- **INFORMATION PROVIDED**:
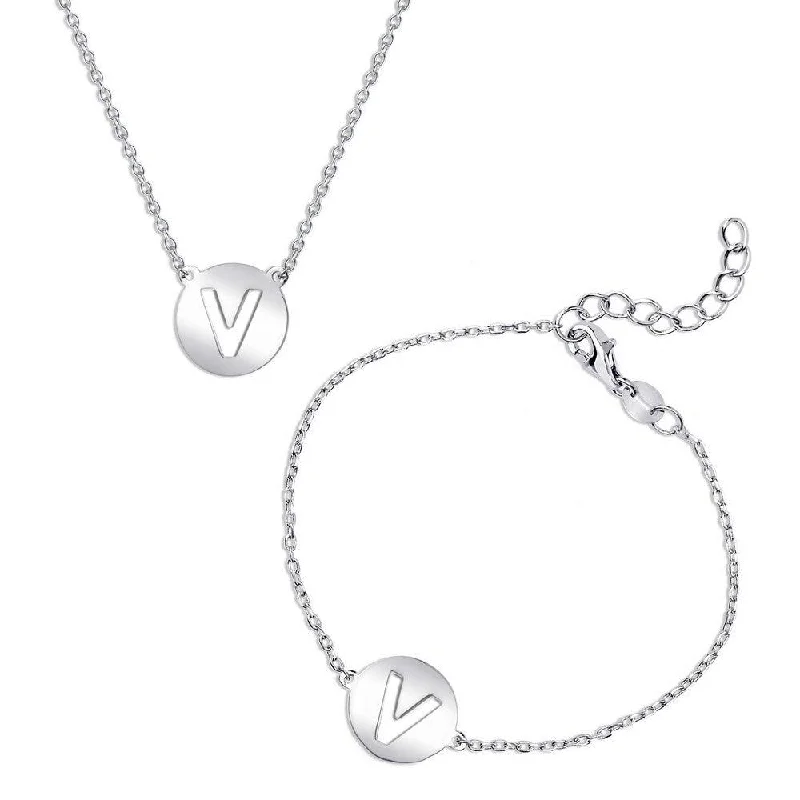 Sterling Silver Shiny 'V' Disc Initial Bracelet and Necklace Set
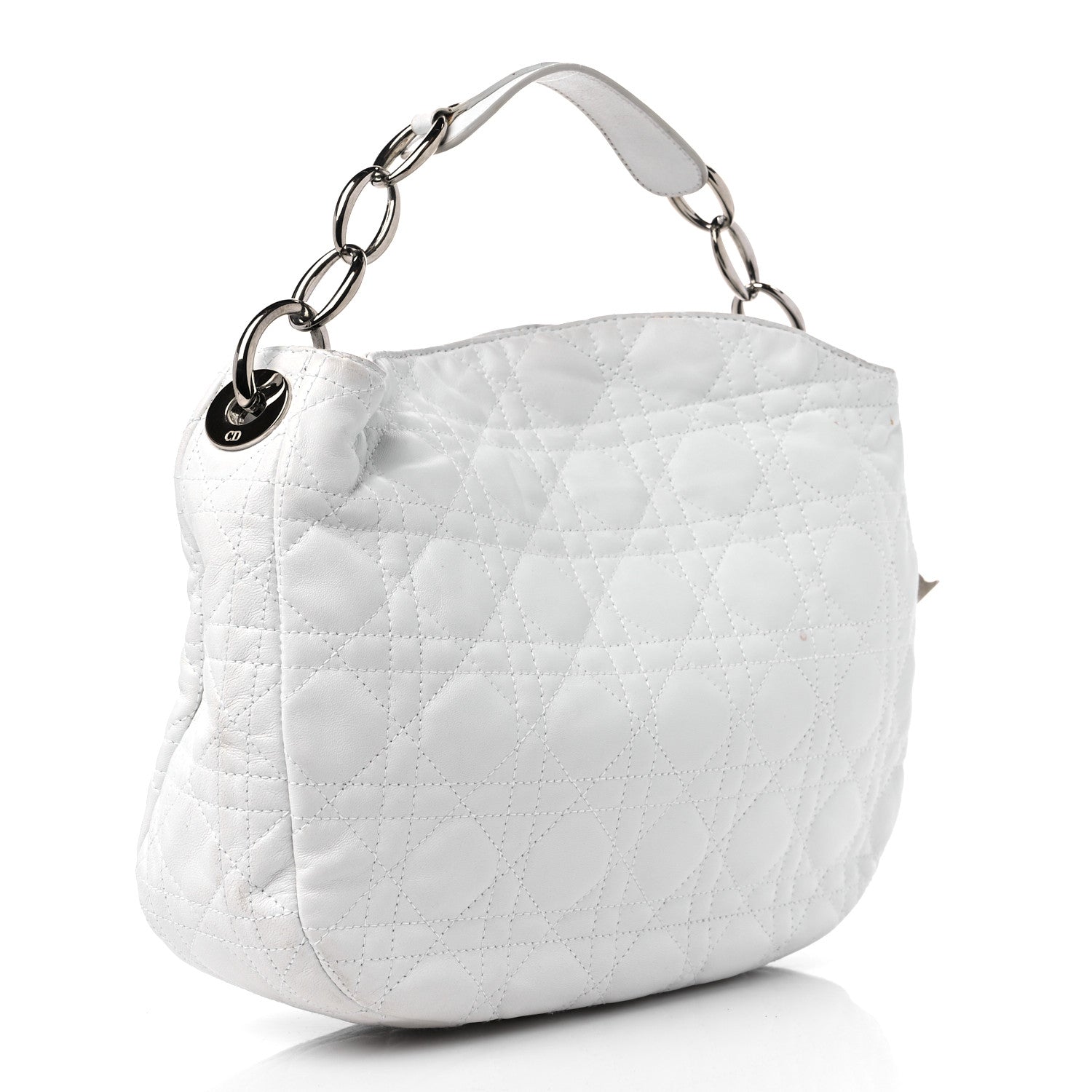 Christian Dior Lambskin Cannage Small Dior Soft Hobo White 3 of 17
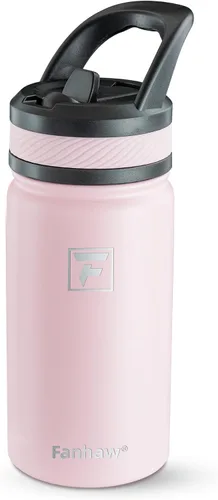 Vista 13 de Fanhaw Botella de agua aislada para niños de 14 onzas con tapa de pajita – Acero inoxidable de doble pared al vacío, a prueba de fugas, botellas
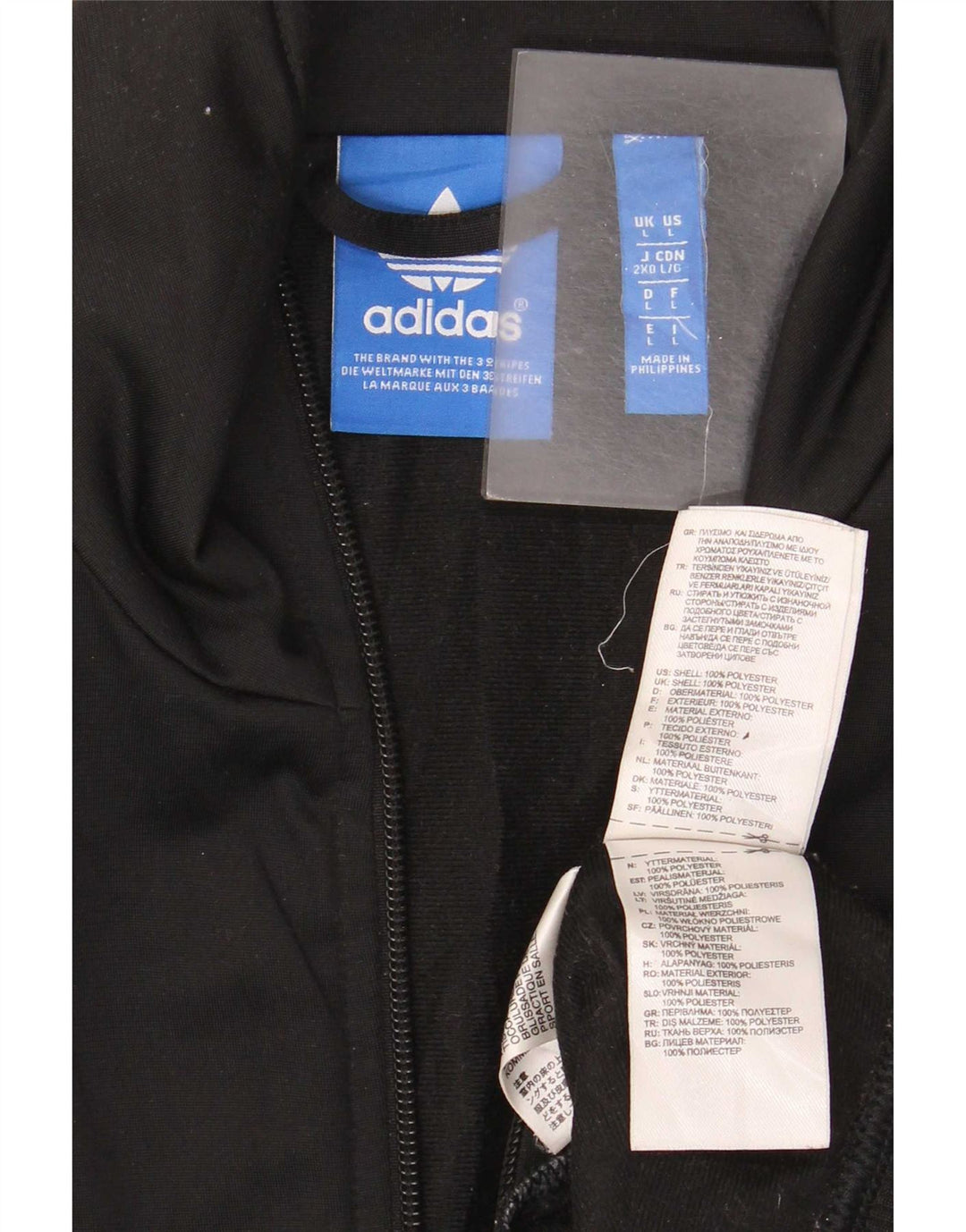 Adidas Mens Tracksuit Top Jacket Large Black Polyester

- **DIRECTIONS FOR THIS TASK**: Your copy should match the data exactly, apart from the images, which are dropped.

- **TASK RESULT**:
 Sterling Silver Shiny 'V' Disc Initial Bracelet and Necklace Set
 Christian Dior Lambskin Cannage Small Dior Soft Hobo White 3 of 17
 Vista 13 de Fanhaw Botella de agua aislada para niños de 14 onzas con tapa de pajita – Acero inoxidable de doble pared al vacío, a prueba de fugas, botellas
 Adidas Mens Tracksuit Top Jacket Large Black Polyester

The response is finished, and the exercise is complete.